19961 – Write security considerations

This is an archived snapshot of W3C's public bugzilla bug tracker, decommissioned in April 2019. Please see the home page for more details.

Bug 19961 - Write security considerations

Summary: Write security considerations

Status:	RESOLVED FIXED

Alias:	None

Product:	WHATWG
Classification:	Unclassified
Component:	Encoding (show other bugs)
Version:	unspecified
Hardware:	PC Windows 3.1

Importance:	P2 normal
Target Milestone:	Unsorted
Assignee:	Anne
QA Contact:	sideshowbarker+encodingspec

URL:
Whiteboard:
Keywords:

Depends on:
Blocks:

Reported:	2012-11-14 14:09 UTC by Anne
Modified:	2014-12-06 21:32 UTC (History)
CC List:	4 users (show)

See Also:

Attachments

Description Anne 2012-11-14 14:09:08 UTC

https://bugzilla.mozilla.org/show_bug.cgi?id=406777#c1
http://zaynar.co.uk/docs/charset-encoding-xss.html
https://bugzilla.mozilla.org/show_bug.cgi?id=690225

Comment 1 Masatoshi Kimura 2012-12-04 11:27:15 UTC

Why platforms are changed to "Windows 3.1" for all bugs?

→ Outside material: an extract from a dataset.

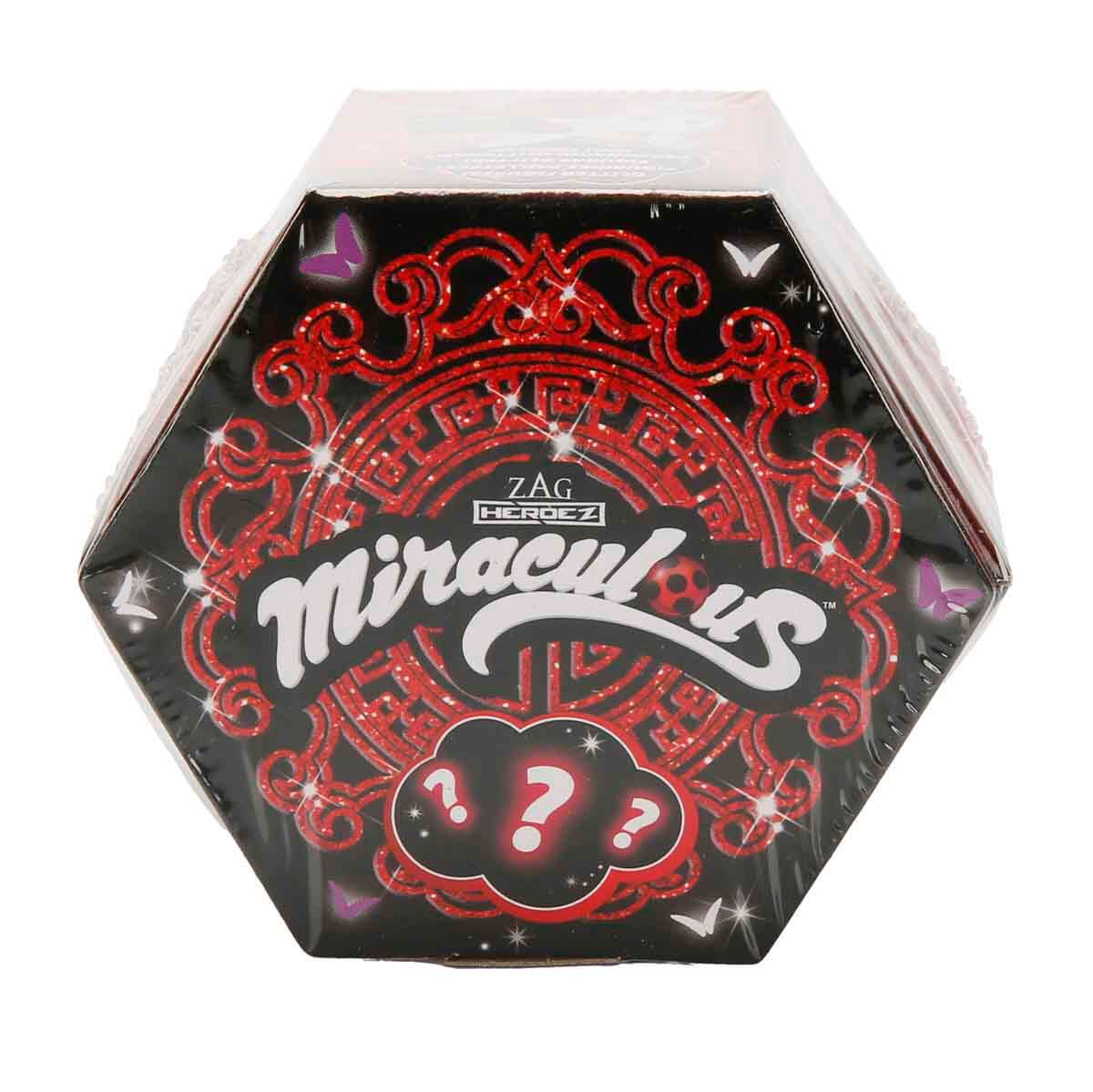 undefined - 392f5_Miraculous_Kwami_Mini_Figurler_MRA39000.jpg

Comment 2 Anne 2014-04-11 11:22:00 UTC

Encoder HTML error mode has potential for silent data loss when not using utf-8.

Comment 3 Anne 2014-11-09 17:22:18 UTC

I wrote a draft for this section. Review appreciated.

===
There is a set of security problems related to encodings when the producer and consumer do not agree on the encoding in use, or on the way a given encoding is to be implemented. For instance, an attack was reported in 2011 where a <span>shift_jis</span> lead byte 0x82 was used to “mask” a 0x22 trail byte in a JSON resource of which an attacker could control some field. The producer did not see the problem even though this is an illegal byte combination. The consumer decoded it as a single U+FFFD and therefore changed the overall interpretation as U+0022 is an important delimiter. Decoders of encodings that use multiple bytes for scalar values now require that in case of an illegal byte combination, a scalar value in the U+0000 to U+007F range cannot be “masked”. For the aforementioned sequence the output would be U+FFFD U+0022.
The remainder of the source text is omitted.